(Material for this task)
********

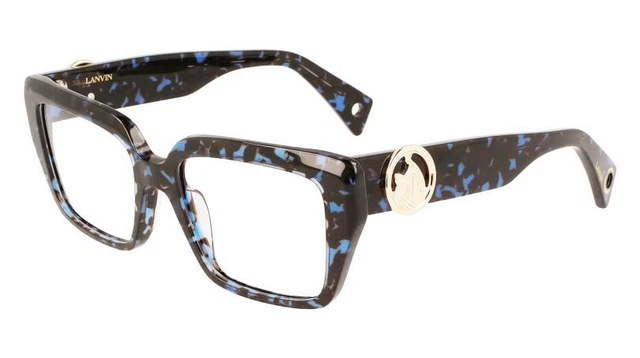 NEW Lanvin LNV 2618 425 Blue Havana Eyeglasses 53/17/140 with Lanvin Case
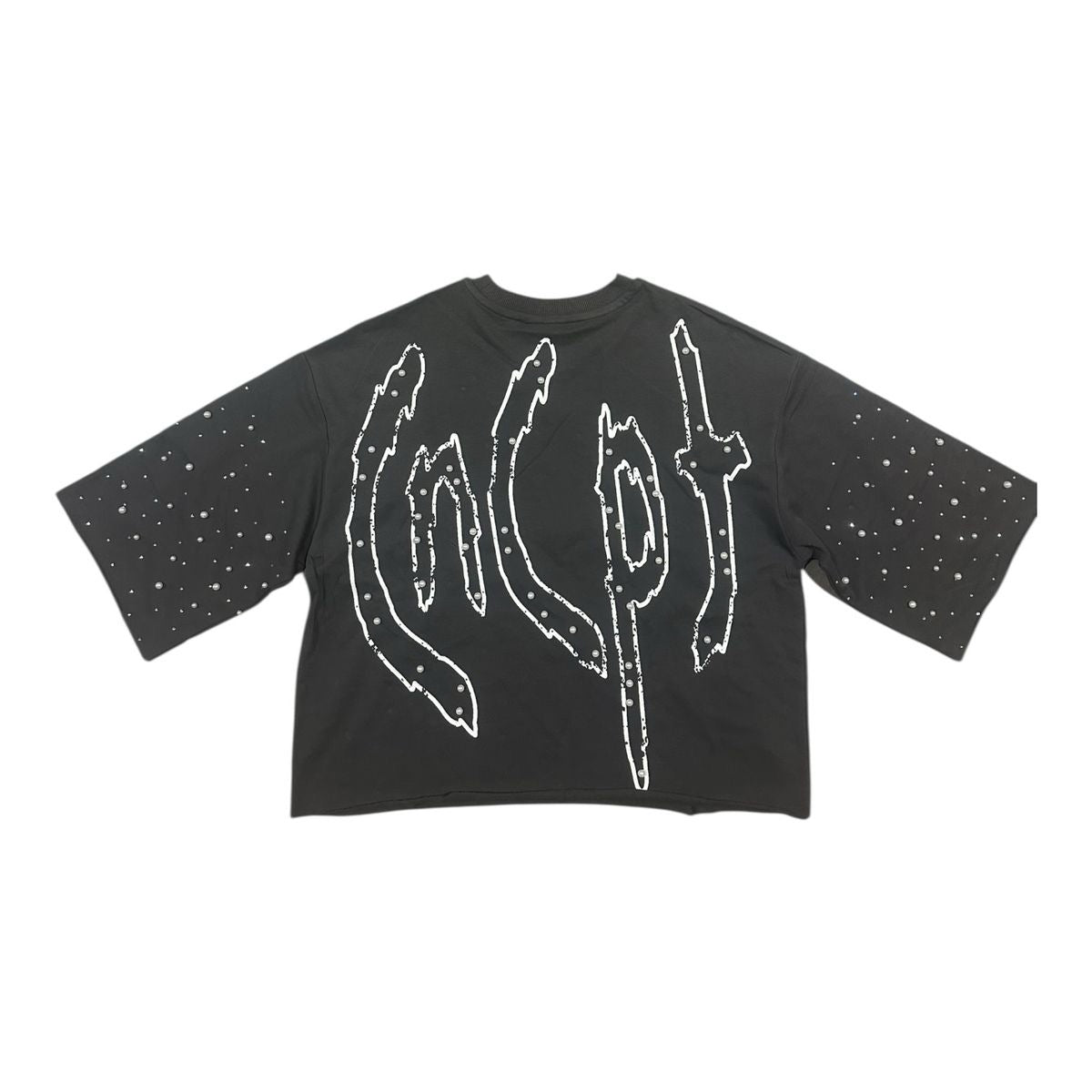 Concept "Pearly" Cropped Tee Grey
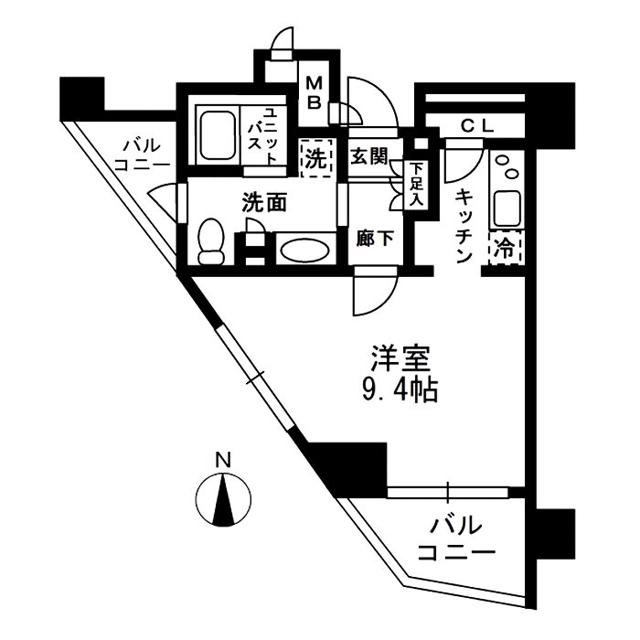 新品家具付きマンション中落合5(KaGood東京) 310（1枚目）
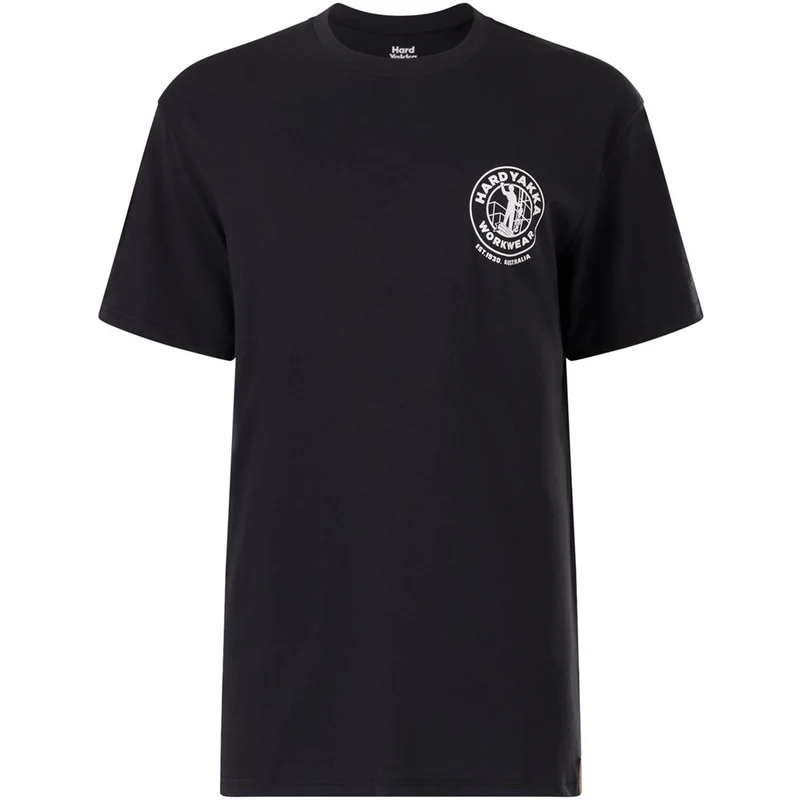 Hard Yakka Heritage Icon Short Sleeve Tee Black / M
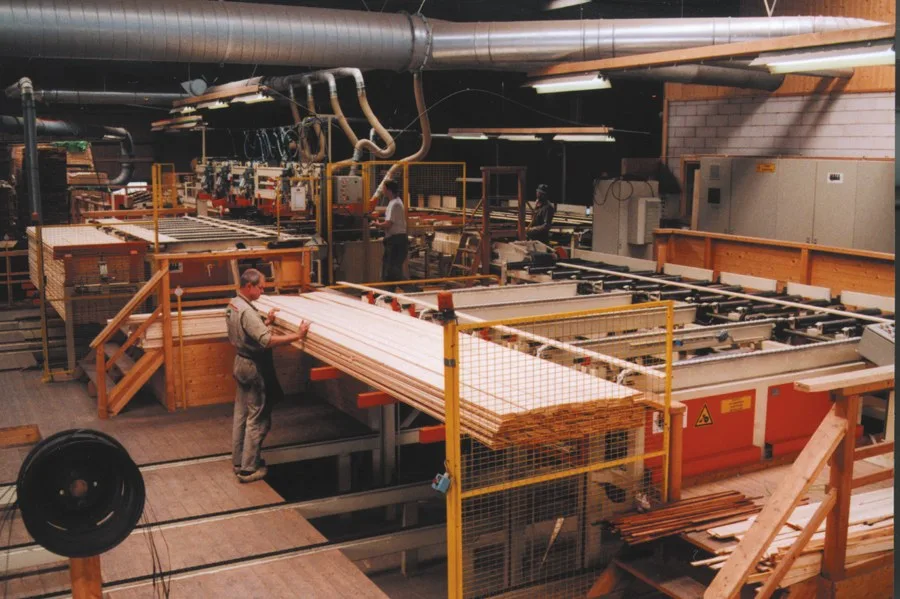De productielijn in Nijkerk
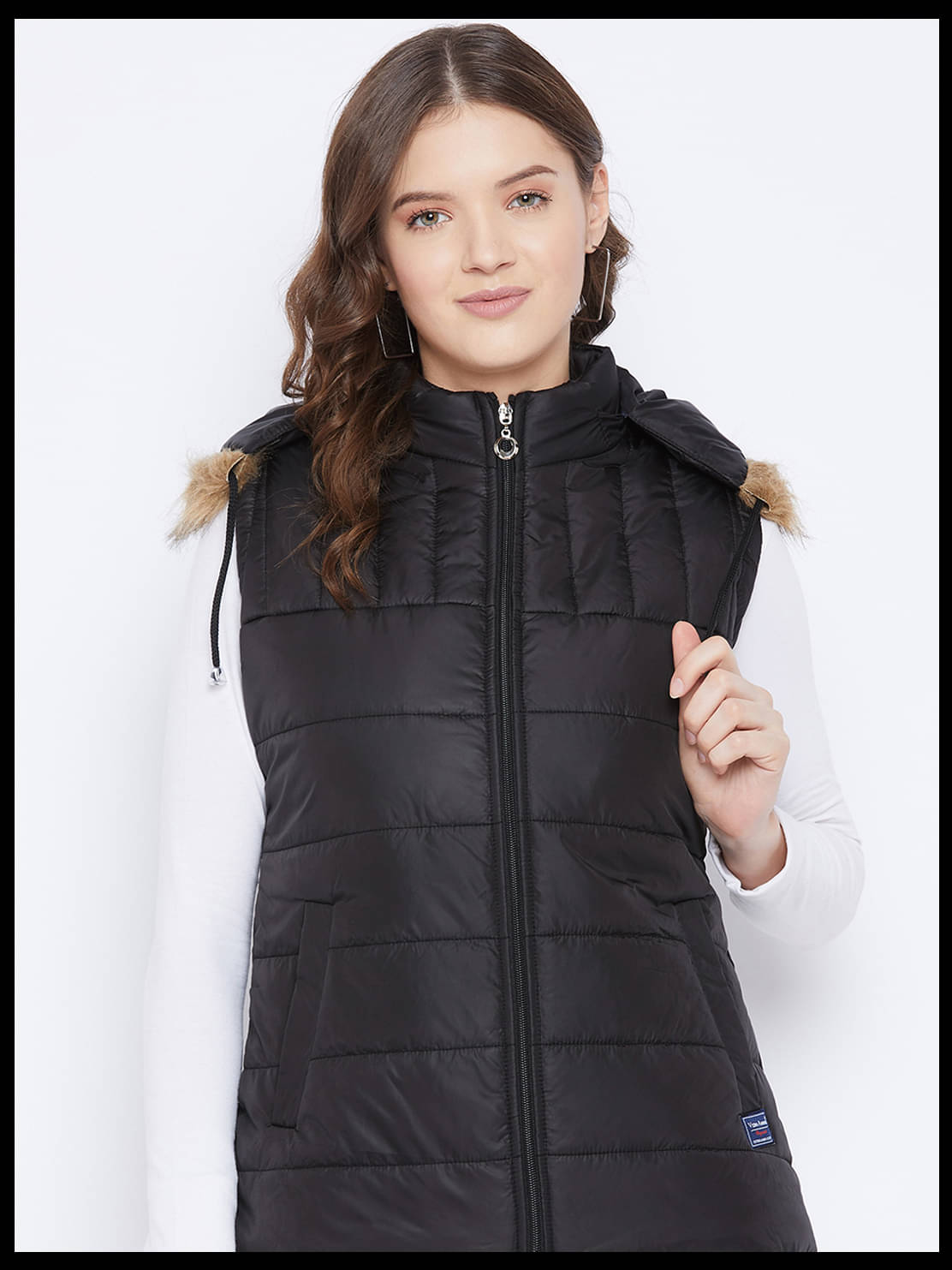     			VERO AMORE - Polyester Black Parka Jackets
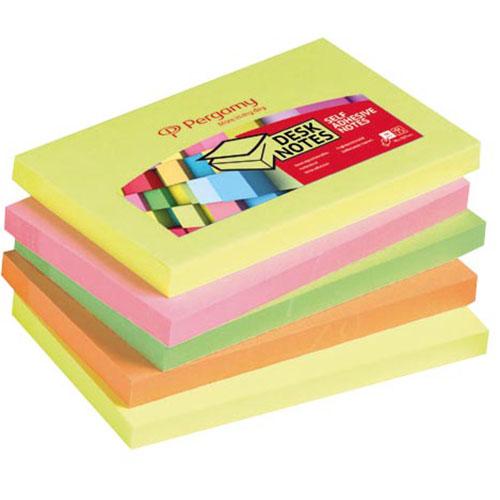 Photo de 12 blocs Notes - 76x127mm - 4 couleurs - Multicolore - Pergamy
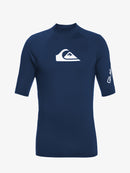 QUIKSILVER ALLTIMESS ID UQYWR03152-BSW0 RASH GUARD SHORT SLEEVE (M)-1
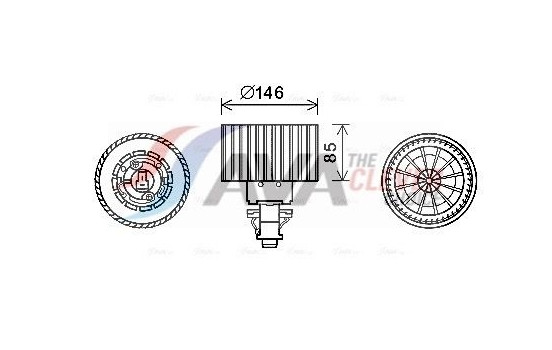 spisfläkt AI8374 Ava Quality Cooling
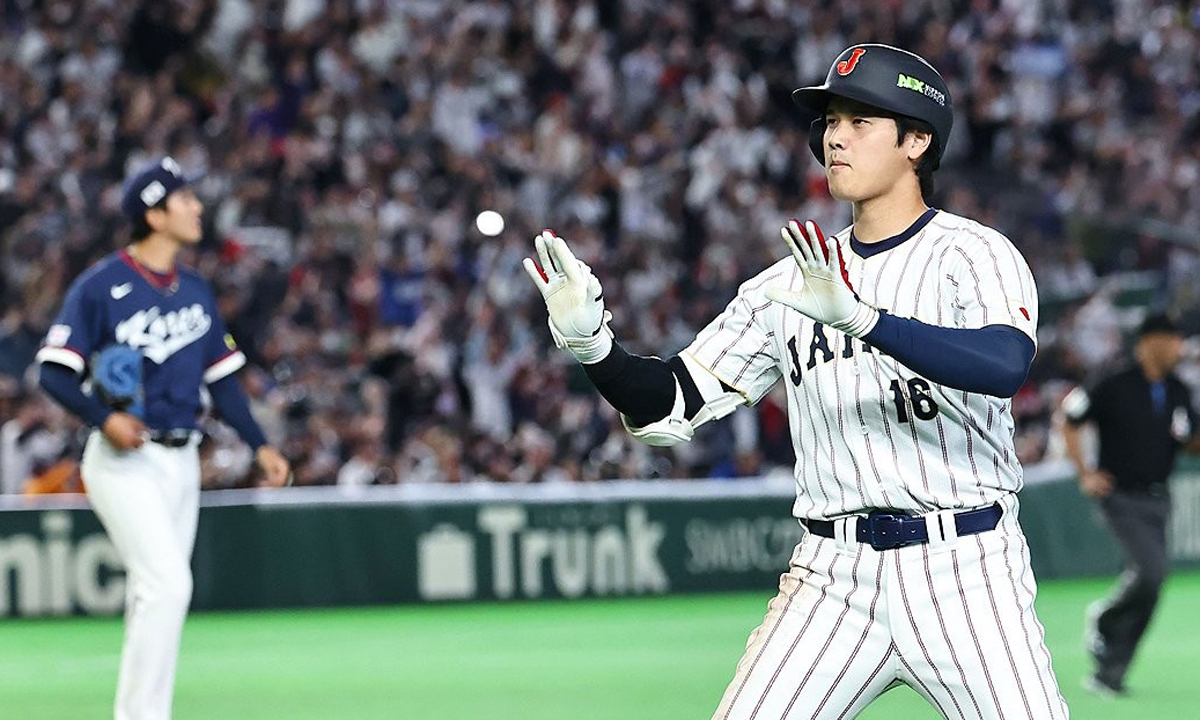 7일 일본 도쿄돔에서 열린 2026 WBC 조별리그 C조 2차전 대한민국과 일본의 경기. 3회말 1사 일본 오타니가 우중간 솔로 홈런을 치고 그라운드를 돌고 있다. 연합뉴스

********

(Problem details) Everything from the line holding "Cropped Tee Grey" through the last line of the listing should be written out exactly, except for the pictures.

(Reply)
 Concept "Pearly" Cropped Tee Grey
 新品家具付きマンション中落合5(KaGood東京) 310（1枚目）
 Hard Yakka Heritage Icon Short Sleeve Tee Black / M
De productielijn in Nijkerk
     			VERO AMORE - Polyester Black Parka Jackets
 Photo de 12 blocs Notes - 76x127mm - 4 couleurs - Multicolore - Pergamy
 QUIKSILVER ALLTIMESS ID UQYWR03152-BSW0 RASH GUARD SHORT SLEEVE (M)-1
 spisfläkt AI8374 Ava Quality Cooling
 7일 일본 도쿄돔에서 열린 2026 WBC 조별리그 C조 2차전 대한민국과 일본의 경기. 3회말 1사 일본 오타니가 우중간 솔로 홈런을 치고 그라운드를 돌고 있다. 연합뉴스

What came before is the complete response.